*** Opening of Provided data ***

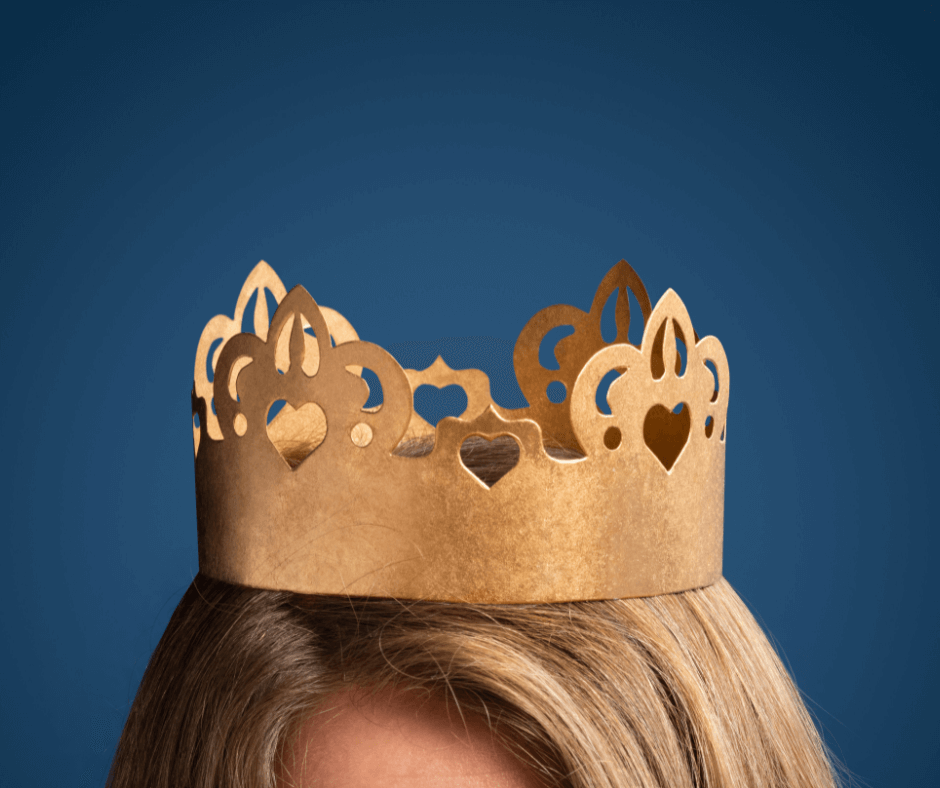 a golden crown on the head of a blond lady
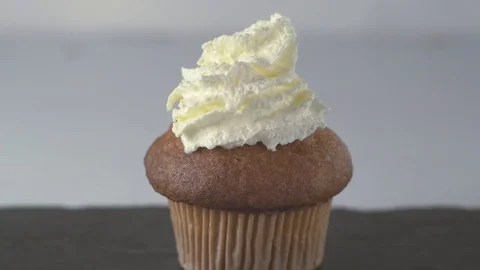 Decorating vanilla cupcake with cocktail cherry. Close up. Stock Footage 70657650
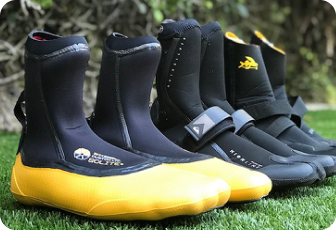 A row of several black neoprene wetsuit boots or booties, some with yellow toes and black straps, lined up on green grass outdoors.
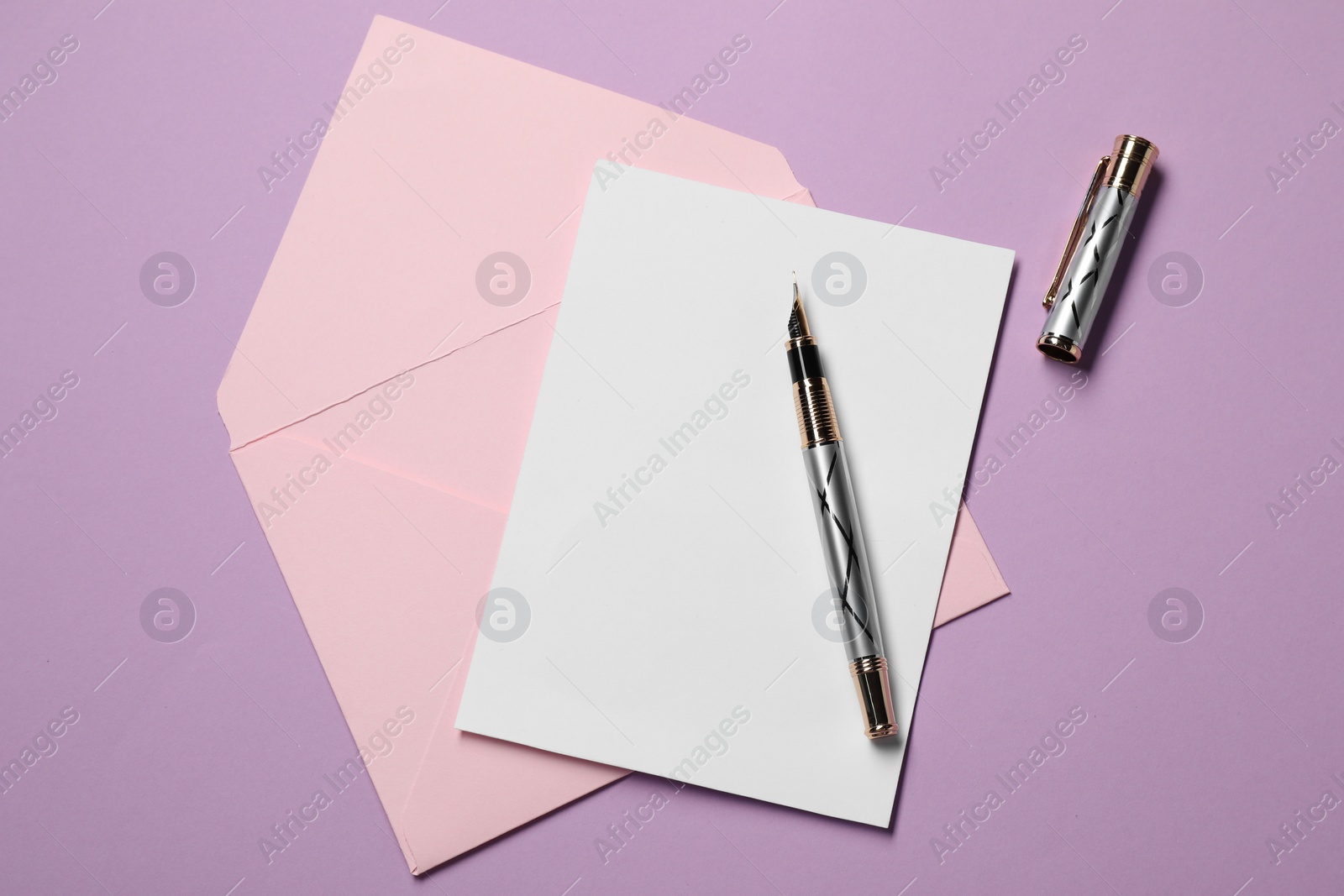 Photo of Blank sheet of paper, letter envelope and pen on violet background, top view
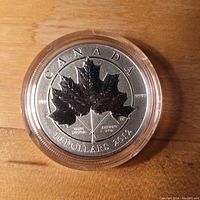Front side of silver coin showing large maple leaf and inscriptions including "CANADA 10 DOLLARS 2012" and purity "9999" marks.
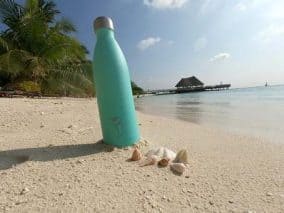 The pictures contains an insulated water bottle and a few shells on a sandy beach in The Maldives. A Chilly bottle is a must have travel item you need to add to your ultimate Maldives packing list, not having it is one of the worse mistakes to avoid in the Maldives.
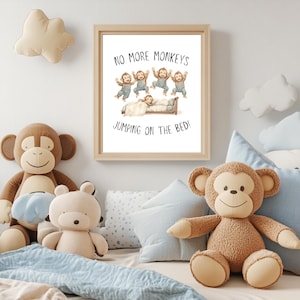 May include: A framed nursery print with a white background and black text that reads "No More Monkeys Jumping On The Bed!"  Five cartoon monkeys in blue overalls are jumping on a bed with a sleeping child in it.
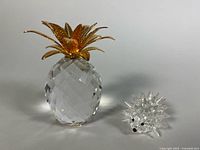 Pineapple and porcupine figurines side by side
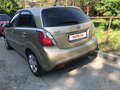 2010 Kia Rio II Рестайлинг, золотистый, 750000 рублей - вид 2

*** Close of Provided data ***
*** Opening of Provided data ***

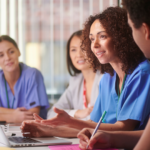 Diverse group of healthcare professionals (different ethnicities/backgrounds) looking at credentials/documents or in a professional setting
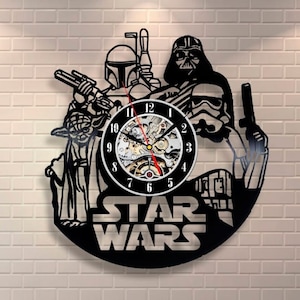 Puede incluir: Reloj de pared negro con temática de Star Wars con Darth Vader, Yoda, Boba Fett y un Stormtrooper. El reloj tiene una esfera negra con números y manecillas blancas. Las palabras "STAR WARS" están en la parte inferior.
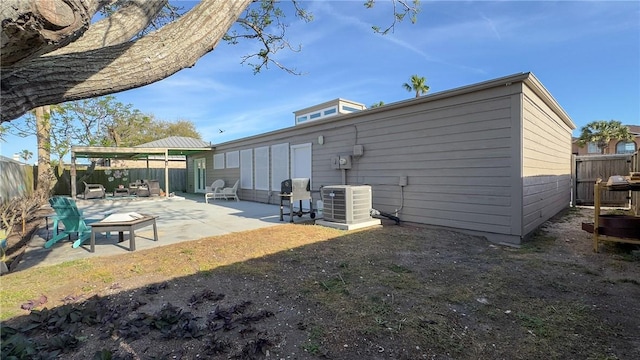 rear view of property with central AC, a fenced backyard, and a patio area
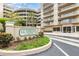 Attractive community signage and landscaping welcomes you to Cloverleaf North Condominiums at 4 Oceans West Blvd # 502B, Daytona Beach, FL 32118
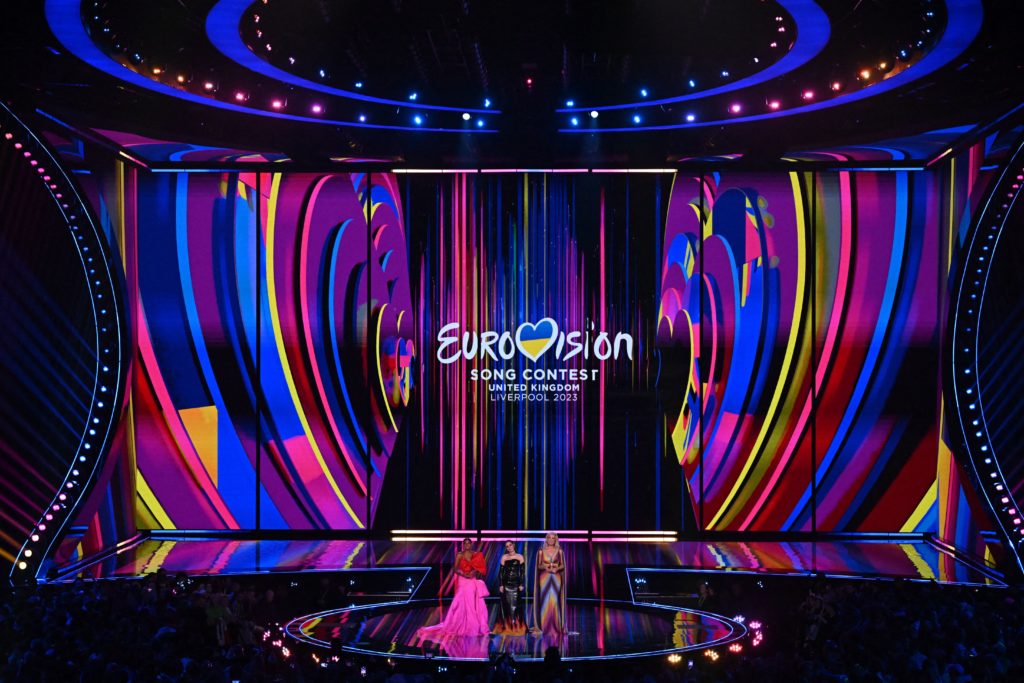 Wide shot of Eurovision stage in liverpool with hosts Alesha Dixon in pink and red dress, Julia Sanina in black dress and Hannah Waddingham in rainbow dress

*** Close of Provided data ***

The result should be an exact copy of only the lines above from the one that holds "Pineapple and porcupine" through the one that holds "2010 Kia Rio", both ends included, without pictures.

 Pineapple and porcupine figurines side by side
 2010 Kia Rio II Рестайлинг, золотистый, 750000 рублей - вид 2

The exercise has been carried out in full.